BackInTheSaddleAgain said:


> I would do everything in my power to give my horse a friend if she was alone.... even if it was a goat. lol. Horses really do get bored and depressed when they're on their own....


I agree. A horse needs a friend. Where do you think the expression "get your goat" came from'? Goats make good friends for horses but some goats like to eat the tails off the horse. I would look at a small pony as a friend, doesn't eat much, needs only a small pen when in the barn ,keeps your guy company and doesn't eat tails.

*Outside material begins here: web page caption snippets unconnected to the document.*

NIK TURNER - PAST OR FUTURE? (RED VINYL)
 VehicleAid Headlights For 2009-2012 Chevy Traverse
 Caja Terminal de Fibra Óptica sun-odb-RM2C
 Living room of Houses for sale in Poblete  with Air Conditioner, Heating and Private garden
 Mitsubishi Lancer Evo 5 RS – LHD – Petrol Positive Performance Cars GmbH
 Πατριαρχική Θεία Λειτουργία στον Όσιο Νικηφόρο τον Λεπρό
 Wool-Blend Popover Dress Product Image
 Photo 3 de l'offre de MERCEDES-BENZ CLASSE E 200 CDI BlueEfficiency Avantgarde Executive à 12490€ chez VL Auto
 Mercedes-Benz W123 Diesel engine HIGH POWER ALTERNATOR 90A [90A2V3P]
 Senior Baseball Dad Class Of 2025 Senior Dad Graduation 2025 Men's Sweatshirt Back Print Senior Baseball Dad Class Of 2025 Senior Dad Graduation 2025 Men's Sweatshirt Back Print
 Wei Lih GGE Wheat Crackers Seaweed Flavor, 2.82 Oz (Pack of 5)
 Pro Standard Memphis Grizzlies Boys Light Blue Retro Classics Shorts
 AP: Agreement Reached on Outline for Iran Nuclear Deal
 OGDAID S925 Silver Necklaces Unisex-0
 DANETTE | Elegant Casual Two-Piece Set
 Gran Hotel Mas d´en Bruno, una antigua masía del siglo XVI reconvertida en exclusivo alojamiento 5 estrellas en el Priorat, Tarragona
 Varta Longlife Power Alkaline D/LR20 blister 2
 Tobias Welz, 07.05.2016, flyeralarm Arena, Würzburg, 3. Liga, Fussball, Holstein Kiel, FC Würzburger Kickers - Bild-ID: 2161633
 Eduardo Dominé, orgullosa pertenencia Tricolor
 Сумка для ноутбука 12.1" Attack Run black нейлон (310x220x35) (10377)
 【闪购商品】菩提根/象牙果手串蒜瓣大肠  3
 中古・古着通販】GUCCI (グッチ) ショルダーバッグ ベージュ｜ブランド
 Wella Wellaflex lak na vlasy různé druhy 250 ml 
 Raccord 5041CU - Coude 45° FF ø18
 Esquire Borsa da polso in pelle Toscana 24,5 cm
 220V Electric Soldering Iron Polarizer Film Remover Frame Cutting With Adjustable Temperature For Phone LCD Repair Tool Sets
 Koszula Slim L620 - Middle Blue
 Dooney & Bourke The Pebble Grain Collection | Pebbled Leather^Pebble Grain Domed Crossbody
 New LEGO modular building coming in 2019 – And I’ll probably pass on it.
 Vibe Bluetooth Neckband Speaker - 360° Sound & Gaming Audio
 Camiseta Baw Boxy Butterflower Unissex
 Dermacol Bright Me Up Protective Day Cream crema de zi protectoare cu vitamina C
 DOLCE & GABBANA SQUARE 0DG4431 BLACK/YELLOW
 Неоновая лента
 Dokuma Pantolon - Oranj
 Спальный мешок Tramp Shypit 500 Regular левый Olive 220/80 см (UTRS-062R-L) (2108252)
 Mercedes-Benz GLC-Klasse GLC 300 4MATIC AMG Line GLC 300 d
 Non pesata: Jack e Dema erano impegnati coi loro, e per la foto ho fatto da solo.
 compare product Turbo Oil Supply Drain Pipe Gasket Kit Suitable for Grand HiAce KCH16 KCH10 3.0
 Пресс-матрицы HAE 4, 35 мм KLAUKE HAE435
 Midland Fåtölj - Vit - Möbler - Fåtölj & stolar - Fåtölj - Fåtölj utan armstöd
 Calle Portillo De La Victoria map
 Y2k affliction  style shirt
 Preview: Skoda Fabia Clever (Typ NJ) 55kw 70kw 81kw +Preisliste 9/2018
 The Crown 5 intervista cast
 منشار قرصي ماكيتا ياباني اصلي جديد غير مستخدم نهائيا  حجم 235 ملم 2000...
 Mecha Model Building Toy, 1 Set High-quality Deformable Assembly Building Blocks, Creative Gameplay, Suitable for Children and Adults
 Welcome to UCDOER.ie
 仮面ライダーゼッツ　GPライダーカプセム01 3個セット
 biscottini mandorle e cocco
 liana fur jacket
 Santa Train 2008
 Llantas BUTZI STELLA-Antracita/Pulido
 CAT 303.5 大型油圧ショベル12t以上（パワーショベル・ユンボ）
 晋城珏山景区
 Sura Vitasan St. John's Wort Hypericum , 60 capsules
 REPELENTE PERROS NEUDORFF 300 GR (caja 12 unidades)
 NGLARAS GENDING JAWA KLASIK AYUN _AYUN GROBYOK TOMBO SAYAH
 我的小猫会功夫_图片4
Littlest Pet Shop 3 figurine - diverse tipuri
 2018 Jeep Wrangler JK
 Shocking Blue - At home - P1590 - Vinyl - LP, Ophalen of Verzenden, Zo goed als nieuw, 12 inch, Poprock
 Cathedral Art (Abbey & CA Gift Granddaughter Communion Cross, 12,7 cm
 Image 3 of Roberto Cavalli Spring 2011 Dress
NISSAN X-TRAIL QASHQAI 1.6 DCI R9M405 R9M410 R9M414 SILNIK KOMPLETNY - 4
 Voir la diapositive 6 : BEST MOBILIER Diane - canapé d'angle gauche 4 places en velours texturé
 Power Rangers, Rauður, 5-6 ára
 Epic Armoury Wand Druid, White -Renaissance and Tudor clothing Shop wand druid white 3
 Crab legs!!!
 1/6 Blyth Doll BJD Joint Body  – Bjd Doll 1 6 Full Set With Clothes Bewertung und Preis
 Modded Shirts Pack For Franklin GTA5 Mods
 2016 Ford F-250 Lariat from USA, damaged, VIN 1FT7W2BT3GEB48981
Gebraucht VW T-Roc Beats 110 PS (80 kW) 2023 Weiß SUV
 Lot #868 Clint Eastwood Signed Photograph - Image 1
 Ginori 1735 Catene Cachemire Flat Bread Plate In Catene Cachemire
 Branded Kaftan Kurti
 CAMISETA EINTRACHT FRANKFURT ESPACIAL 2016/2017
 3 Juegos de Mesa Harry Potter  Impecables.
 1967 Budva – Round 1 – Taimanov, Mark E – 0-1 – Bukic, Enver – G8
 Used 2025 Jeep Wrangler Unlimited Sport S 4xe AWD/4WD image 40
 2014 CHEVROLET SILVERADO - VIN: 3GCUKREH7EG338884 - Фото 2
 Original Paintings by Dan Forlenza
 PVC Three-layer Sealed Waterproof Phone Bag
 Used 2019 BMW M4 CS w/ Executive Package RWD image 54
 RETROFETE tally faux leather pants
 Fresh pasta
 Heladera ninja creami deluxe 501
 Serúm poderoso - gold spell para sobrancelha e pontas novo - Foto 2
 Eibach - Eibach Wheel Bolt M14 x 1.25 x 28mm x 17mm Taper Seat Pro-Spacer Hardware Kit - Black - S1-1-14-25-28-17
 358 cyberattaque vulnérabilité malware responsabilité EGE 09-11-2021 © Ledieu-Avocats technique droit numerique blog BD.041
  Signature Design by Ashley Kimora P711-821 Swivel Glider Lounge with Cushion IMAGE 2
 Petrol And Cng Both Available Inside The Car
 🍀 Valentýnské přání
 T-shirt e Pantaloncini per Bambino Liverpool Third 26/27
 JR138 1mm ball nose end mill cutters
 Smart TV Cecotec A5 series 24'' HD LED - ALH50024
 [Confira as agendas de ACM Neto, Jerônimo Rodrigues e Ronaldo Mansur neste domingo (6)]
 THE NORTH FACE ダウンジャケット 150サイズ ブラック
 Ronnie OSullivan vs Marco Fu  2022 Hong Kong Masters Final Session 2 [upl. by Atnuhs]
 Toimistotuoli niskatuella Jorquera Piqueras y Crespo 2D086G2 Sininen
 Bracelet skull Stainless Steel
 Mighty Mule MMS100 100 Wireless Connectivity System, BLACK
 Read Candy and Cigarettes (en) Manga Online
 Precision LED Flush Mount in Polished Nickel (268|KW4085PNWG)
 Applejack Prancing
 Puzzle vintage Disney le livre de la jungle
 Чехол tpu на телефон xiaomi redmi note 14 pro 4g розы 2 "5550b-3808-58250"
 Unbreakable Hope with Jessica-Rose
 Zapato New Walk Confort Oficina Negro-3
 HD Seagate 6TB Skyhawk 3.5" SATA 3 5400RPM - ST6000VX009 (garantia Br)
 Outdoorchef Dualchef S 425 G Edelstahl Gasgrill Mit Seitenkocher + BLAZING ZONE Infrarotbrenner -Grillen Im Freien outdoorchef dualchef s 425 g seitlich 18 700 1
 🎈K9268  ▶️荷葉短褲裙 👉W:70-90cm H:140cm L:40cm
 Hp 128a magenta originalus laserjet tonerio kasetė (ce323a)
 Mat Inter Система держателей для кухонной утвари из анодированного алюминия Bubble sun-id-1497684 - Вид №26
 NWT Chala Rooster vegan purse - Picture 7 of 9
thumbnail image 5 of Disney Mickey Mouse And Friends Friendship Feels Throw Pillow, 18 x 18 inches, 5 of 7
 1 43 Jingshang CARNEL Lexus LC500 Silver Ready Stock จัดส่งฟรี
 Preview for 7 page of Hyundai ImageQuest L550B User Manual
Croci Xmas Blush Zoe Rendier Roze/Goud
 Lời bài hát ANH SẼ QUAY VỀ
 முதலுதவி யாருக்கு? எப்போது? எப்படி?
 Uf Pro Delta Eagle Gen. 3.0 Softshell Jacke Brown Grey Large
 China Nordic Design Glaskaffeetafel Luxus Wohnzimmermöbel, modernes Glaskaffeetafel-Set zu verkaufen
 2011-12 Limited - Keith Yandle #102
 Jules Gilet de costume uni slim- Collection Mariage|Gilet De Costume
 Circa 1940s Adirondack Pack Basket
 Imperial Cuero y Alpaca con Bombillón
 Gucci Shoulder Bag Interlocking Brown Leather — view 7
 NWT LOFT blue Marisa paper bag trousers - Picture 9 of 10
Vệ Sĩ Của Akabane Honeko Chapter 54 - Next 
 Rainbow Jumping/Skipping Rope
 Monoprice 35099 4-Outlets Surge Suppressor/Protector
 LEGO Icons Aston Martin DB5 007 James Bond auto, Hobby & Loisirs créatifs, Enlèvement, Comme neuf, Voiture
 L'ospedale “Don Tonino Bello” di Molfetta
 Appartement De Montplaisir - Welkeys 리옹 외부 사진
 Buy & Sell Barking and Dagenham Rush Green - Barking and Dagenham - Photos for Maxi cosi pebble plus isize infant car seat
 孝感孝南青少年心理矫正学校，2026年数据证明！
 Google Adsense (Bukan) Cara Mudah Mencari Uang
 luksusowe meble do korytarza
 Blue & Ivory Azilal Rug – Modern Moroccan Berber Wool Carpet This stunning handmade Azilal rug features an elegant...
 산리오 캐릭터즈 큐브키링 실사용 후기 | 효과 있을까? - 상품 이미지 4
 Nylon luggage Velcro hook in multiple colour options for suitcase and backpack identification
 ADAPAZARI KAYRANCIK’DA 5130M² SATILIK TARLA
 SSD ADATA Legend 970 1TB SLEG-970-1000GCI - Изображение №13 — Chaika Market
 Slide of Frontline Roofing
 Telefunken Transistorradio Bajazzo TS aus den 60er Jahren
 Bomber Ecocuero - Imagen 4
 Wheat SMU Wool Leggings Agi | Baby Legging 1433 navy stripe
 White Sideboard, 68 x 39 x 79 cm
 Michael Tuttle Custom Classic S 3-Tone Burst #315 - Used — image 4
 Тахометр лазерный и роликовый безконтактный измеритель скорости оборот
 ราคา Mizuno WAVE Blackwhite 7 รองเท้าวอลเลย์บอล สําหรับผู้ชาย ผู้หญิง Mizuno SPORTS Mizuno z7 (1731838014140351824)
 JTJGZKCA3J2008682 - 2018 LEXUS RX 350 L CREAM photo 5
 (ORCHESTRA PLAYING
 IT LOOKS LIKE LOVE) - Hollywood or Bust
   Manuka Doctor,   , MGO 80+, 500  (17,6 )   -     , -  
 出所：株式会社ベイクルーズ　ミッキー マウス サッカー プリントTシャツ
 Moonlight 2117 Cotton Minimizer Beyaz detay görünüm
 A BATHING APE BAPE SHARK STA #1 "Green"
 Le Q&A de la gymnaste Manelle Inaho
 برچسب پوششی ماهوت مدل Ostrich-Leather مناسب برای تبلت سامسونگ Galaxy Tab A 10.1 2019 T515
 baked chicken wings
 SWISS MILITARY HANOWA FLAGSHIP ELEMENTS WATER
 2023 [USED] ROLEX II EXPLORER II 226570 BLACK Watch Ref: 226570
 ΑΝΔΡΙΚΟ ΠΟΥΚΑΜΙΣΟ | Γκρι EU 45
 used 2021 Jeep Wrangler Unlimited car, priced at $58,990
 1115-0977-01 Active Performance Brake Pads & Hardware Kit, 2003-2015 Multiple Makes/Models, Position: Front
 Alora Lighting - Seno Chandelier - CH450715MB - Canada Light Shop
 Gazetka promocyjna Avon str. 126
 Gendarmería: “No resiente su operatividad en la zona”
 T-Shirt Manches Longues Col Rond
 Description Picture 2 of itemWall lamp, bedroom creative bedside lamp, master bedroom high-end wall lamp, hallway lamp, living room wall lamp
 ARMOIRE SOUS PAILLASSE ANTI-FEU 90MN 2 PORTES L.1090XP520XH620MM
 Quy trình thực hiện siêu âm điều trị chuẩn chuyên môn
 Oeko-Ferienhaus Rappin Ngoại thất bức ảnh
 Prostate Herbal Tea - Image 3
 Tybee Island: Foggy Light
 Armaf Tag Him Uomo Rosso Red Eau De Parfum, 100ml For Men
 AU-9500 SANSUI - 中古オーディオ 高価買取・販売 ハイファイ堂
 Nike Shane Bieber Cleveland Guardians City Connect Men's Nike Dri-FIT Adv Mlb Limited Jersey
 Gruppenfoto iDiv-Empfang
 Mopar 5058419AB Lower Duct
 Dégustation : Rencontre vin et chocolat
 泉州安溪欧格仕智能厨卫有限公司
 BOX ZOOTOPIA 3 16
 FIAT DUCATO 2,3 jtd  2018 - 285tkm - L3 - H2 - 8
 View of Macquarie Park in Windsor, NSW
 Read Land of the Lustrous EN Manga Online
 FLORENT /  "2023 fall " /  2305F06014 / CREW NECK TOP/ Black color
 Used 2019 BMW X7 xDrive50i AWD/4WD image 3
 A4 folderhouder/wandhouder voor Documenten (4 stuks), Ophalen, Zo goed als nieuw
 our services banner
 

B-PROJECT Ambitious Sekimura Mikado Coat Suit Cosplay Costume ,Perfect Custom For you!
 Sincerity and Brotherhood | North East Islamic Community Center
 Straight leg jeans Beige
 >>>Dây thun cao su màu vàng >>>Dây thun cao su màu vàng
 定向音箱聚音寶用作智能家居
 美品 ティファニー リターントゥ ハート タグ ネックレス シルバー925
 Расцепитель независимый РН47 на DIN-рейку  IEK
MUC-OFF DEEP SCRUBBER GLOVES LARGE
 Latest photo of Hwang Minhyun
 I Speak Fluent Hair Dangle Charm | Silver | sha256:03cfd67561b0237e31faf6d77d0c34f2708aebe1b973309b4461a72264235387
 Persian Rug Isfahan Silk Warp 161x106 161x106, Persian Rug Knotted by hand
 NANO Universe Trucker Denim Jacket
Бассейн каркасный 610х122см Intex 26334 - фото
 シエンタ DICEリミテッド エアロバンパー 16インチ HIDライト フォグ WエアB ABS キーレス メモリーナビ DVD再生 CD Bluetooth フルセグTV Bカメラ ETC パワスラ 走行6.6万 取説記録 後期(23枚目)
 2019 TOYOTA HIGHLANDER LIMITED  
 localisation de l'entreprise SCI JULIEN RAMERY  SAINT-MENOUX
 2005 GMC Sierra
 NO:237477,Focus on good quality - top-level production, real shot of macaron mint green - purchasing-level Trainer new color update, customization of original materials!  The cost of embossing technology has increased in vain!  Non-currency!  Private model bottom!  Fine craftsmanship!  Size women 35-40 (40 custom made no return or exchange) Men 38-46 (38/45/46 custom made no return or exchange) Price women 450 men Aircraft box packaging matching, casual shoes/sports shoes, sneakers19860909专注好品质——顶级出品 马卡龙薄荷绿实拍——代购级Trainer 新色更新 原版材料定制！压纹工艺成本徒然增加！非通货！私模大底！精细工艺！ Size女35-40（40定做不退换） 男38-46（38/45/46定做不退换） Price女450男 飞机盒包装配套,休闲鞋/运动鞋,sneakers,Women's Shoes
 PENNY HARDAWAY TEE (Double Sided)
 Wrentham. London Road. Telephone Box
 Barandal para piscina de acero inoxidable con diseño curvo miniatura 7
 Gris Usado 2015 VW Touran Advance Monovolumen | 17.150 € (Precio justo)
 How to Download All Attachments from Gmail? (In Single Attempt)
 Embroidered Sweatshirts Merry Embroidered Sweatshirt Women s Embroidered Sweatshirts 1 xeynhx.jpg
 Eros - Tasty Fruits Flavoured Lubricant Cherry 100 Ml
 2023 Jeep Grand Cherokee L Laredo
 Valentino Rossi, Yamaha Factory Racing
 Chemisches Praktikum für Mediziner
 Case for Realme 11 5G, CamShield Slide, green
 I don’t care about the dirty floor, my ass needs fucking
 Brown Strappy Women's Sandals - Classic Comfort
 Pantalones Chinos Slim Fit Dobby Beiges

The " get your goat" comes from a horse story. A goat was often kept as a friend for a high strung race horse. It was a friend who kept the race horse calm. Before a big race if a competitor could steal your goat the horse would have a bad night, be very upset and not in racing form the next day. Stealing a goat was not a big deal by itself but what it did to the horse was worth alot so the expression " get your goat " was born.


----------



## LoveTheSaddlebreds

you should try natural horsemanship so you can act more like another horse around him. Also, work with him and interact with him a lot every day. you can also get a goat.


----------



## newhorsemom

I think it depends on the horse. We moved our horse about 3 weeks ago and she is now alone. Well, almost alone - the neighbors have 2 horses that she can visit with over the fence. I was very worried about her "loneliness" but it hasn't been an issue at all for her. She is relaxed and seems very happy. (Even more than when she was with her 2 stable mates - I'm still a bit shocked!) Sometimes the neighbor's take their horses trail riding for the day but Lily couldn't care less. A week or so ago I was on my way to see her and I saw the neighbors pulling into their driveway with their horse trailer. I was thinking I wouldn't be able to ride because she is probably dripping with sweat from running the fence and yelling for her buddies. Not the case. We got to the barn the same time as the neighbors and they were putting their horses in the pasture. Lily was cool and calm. The horses came running to the fence and whinnying for Lily. Lily looked at them like "yeah, I see you but my people are here so we'll catch up another time" and whinned to us in return! She would rather see us and wasn't bothered a bit by being alone.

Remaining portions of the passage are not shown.